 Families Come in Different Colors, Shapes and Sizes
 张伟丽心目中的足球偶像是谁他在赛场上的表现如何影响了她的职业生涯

---

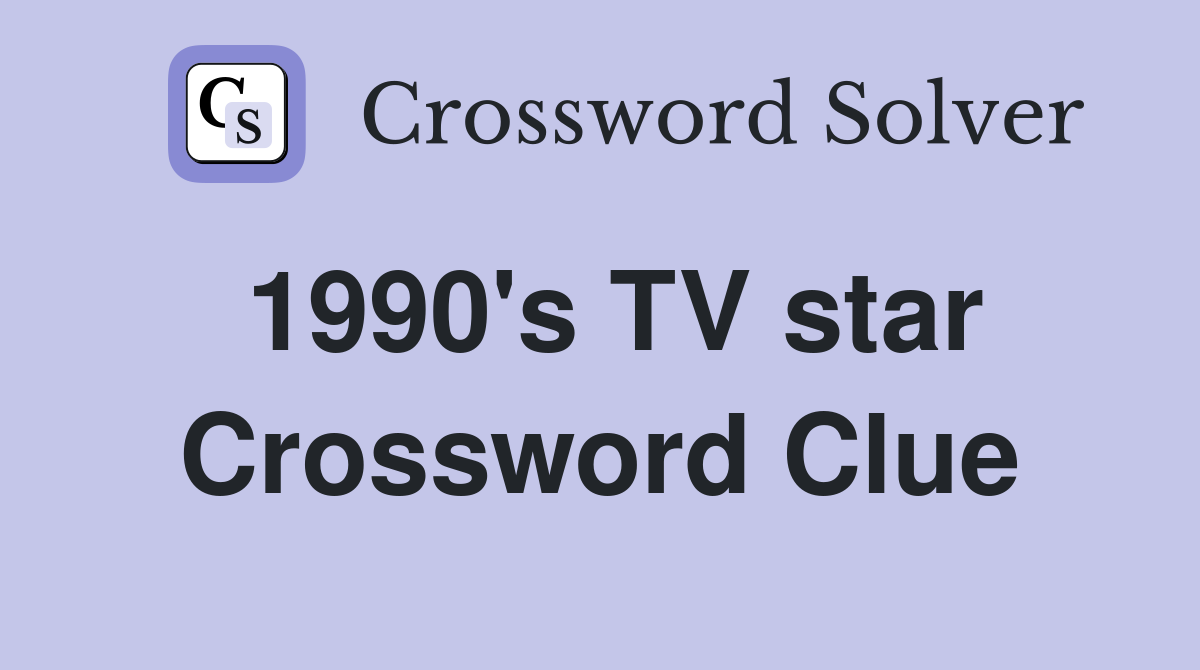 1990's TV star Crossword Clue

**Task goal:**
Of all the entries above, retype exactly the lines from the line with "Families Come in" to the line with "张伟丽心目中的足球偶像是谁他在赛场上的表现如何影响了她的职业生涯", both included, and no others.

**Result for this exercise:**
 Families Come in Different Colors, Shapes and Sizes
 张伟丽心目中的足球偶像是谁他在赛场上的表现如何影响了她的职业生涯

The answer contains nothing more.